There was a reference stack made in the Vovida package for TRIP, but  
in my experiments with it a number of years ago I was unable to  
implement it in any satisfactory way, and the code was far from  
complete.  There was a TRIP commercial implementation in the Acme  
Packet SBC (Session Border Controller) equipment, and one in the  
Jasomi SBC IIRC, but I don't know what the status of those two stacks  
is today or if anyone uses them.

I've never seen TRIP offered as a peering method in any exchange of  
any sort, so the short answer to your question as far as I know is  
"There is no significant use of TRIP today."  This is a shame, since  
it seems like it would be useful.  My belief is that there are  
significant economic dis-incentives for E.164 interconnection that are  
easily implemented and which create fluid, low-cost (or zero-cost)  
marketplaces for minutes, and I will not discuss the obvious opponents  
to such marketplaces.  E.164-based ENUM is another casualty of that  
economic structure as it is inextricably linked to political  
decisions.  There are additional problems with large-scale distributed  
routing of E.164 numbers as the trust model for number ownership is  
difficult to manage (the root cause of so many problems) and routing  
failures are much more operationally painful and difficult to resolve  
during unexpected failures.  I'd be happy to be proven wrong on my  
assumption that TRIP is not used - does anyone have evidence of TRIP  
being used in readily-joinable federations, either in conjunction with  
geographic layer 3 peering fabrics or otherwise?

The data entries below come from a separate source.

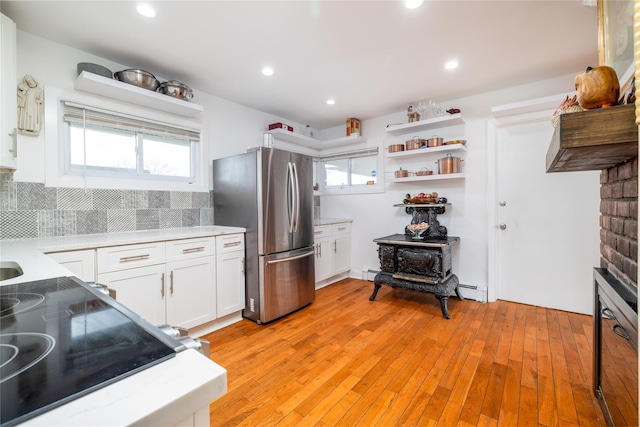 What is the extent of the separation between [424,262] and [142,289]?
258cm

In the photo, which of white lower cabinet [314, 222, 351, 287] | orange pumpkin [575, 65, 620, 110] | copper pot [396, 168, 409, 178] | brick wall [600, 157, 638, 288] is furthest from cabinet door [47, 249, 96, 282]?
copper pot [396, 168, 409, 178]

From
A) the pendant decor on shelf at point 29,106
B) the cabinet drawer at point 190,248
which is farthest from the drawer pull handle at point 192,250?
the pendant decor on shelf at point 29,106

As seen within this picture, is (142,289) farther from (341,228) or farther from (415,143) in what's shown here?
(415,143)

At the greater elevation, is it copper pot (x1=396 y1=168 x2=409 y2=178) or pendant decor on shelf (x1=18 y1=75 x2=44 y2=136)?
pendant decor on shelf (x1=18 y1=75 x2=44 y2=136)

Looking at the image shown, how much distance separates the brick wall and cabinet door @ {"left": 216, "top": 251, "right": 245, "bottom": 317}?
2552 millimetres

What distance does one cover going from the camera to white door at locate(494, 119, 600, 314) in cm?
271

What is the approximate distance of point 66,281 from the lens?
94 cm

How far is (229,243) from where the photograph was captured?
2.59 m

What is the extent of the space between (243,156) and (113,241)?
1.31 meters

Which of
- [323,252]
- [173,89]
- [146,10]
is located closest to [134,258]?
[173,89]

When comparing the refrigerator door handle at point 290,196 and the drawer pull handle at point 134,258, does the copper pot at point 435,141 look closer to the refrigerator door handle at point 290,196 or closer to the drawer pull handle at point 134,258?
the refrigerator door handle at point 290,196

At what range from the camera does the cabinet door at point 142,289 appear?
1.90 metres

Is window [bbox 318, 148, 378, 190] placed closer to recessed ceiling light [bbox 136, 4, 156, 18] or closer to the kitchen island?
recessed ceiling light [bbox 136, 4, 156, 18]

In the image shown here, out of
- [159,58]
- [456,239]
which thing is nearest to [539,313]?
[456,239]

Despite the failure of TRIP to catch on, there was some use that has  
come out of RFC3219 (TRIP).  The ITAD concept, which defines an IANA- 
allocated unique identifier to telephony entities in other use cases.   
An ITAD is much like an ASN, except 32 bits, and currently zero-cost.   
The freenum.org project uses ITADs as part of a lookup mechanism based  
on ENUM-like DNS methods, in effect creating a phone keypad-friendly,  
IP communications-focused alternative to the normal E.164 phone  
numbers that are the standard for PSTN dialing.  This moves quickly  
out of typical NANOG charter areas, but is worth mentioning as ITAD  
resources are being used to uniquely identify worldwide telephony  
networks that are layered on top of existing IP networks.  As of  
2008-12-03, the ITAD number space of the next assignment block will  
cross into the four-digit range.  (full disclosure: I manage the  
Freenum project, so I'll be biased and suggest that anyone who manages  
any sort of IP-based telephony system with public inbound SIP  
capability should examine this - it's trivial to set up.)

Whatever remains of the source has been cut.